Freney has a Diploma of Visual Art from Adelaide Central School of Art (2005), a Bachelor of Visual Art from Adelaide Centre for the Arts (2006), and a Master in Art History from the University of Adelaide (2010). Freney lectures in art history at Adelaide Central School of Art.

As an arts writer, she has written several catalogue essays and reviews (see Bibliography) and in 2017, she was one of four artists (including Daniel Connell) who travelled to India as part of a South Australian Government Arts Engagement Program.

She is married to Martin Freney and they have two sons. Together, they built a strawbale house and followed this by building Australia’s first council-approved Earthship, Earthship Ironbank, which they rent out as a B&B.

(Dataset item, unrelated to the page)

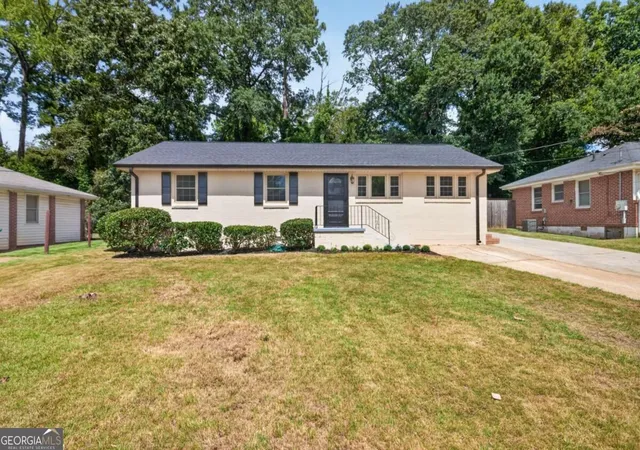 Photo 3 of Single family home for sale at 3226 Bobolink Dr, Decatur, GA 30032 | MLS# 10844234 | Listing updated on 2026-09-11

Artistic style and subject 

Freney is a painter whose paintings examine motherhood and often feature herself as model, as seen in the group exhibition, Good Mother, her solo exhibition, Motherology, and the group exhibition, Labors: An Exhibition Exploring the Complexities of Motherhood at Pearl Conard Gallery, Ohio State University (2018).

Awards and prizes 

She has been a finalist in the Heysen Landscape Art Prize (2018), the Prospect Portrait Prize (2017), the Fleurieu Biennale (2018) and the Emma Hack Art Prize (2017). Freney was also a joint winner of the inaugural Queen of Clubs Art Prize from Peter Lehmann Wines in 2000.

Bibliography 

 Review: Tom Phillips, Suburban Castaway, Art Guide Australia Online, January 2018
 These Four Walls, Catalogue Essay, Jess Mara, Floating Goose, Adelaide, February 2018
 Preview: Confluence, Art Guide Australia Online, September 2017
 Preview: Tarnanthi at JamFactory, Art Guide Australia, print edition, August–September 2017
 Feature: Deidre But-Husaim, bees, curiosity and coincidence, Art Guide Australia Online, July 2017
 Review, Emmaline Zanelli, Art Guide Australia Online, May 2017
 Preview: Both diggers and artists turn shrapnel into art, Art Guide Australia Online, November 2016
 Preview: Artists examine fallout of atomic age in Nuclear, Art Guide Australia Online, August 2016
 Preview: Nine collaborators unravel the elusive thread of art, Art Guide Australia Online, July 2016
 Non-Space generator, Catalogue Essay, Lily Ahlefeldt, CACSA Project Space, July 2016
 Vasari and the Perfect Wife: ‘fempathy’ as a strategic method in teaching art histories and theories,’ ACUADS Conference 2015: Art and Design Education in the Global 24/7, 24–25 September 2015, School of Art, Architecture and Design, University of South Australia

References

External links 
 Personal website
 Earthship Ironbank

Living people
Artists from South Australia
Australian contemporary artists
Artists from Adelaide
20th-century Australian artists
21st-century Australian artists
Australian art teachers
Year of birth missing (living people)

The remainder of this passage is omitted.